Sandy here. Both WJR-AM radio and The Detroit Free Press have requested interviews with us concerning our latest book, The Complete Idiot’s Guide to Fun FAQs. Because interviews require focusing on a subject for an extended period of time, we’re understandably hesitant to do them. While developing our trivia chops since the early 1990s, Kara and I have become masters at taking a narrow subject and finding ways to expand it using tie-ins from pop culture, history, literature, whatever.

And, quite frankly, we do so darned much of it that it’s difficult to distinguish one job from another. When interviewers ask about a particular article done six months ago, we find it very tricky, since we’ve filled our minds with thousands of new bits of information since then. It’s like asking a baseball player about a particular pitch from earlier in the season. There have been so many since then that all you can really say is something generic like, “Yes, well, that was challenging, but I did my best.”

I’m happy to talk about our “craft,” but I even draw a blank when someone asks me for a random interesting fact. There are so many swimming through my head at all hours of the day and night that it becomes more and more difficult to pull out one from the batch. We try to FIND things, and we try to PROVE things, and while we’re at it, we do our best to LEARN things. But they don’t all stick.
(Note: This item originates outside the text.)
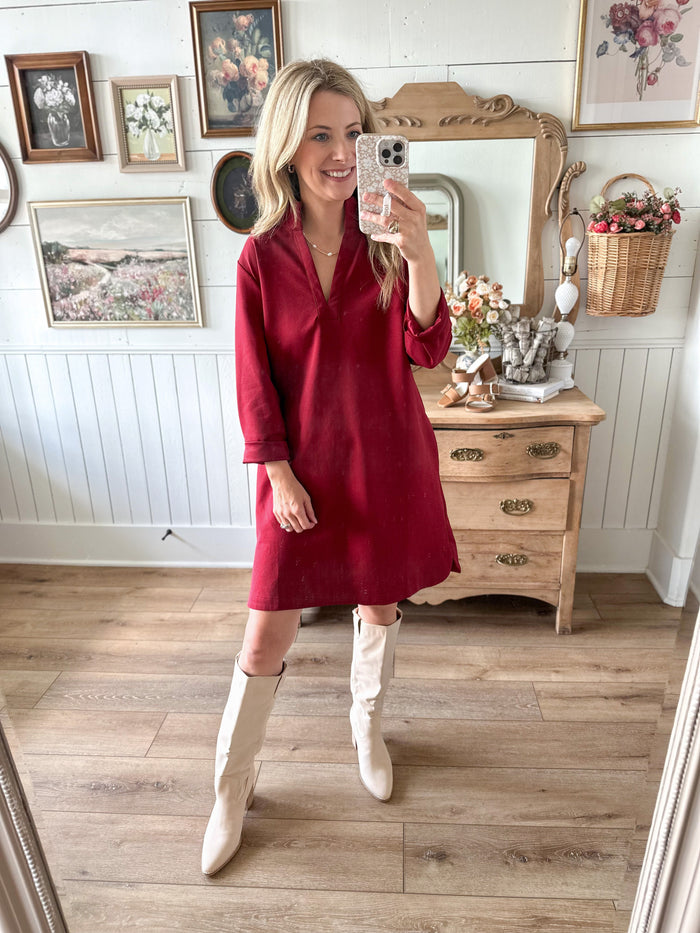 Woman in a red dress and white knee-high boots taking a mirror selfie in a room with wooden floor and dresser.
A few months back, I calculated our output in 2007, and here’s what I came up with:

  • Multiple-choice trivia questions: around 2,500
  • Paragraph-length facts: nearly 3,000
  • FAQ questions: around 1,200
  • Puzzles of varying descriptions: over 500

Combine these with additional things we’ve written (in print, online, and tied to merchandise) and I figure that we ran well over 500,000 words last year alone. Yow. It’s no wonder that the letters keep rubbing off our keyboards. And that doesn’t include the research and fact-checking work that we do for mental_floss, where we have to check every article in each issue for accuracy. That’s a full-time job in itself, with all the checking, reading, calling and digging it takes.

It’s a job that’s usually interesting, sometimes maddening, and often exhausting. But one thing Kara and I both agree on – without hesitation – is that there’s nothing else we’d rather do.

UPDATE: Our interview with Julie Hinds is schedule to run in The Detroit Free Press on Tuesday, August 5. There will be a photo as well, so consider yourselves warned.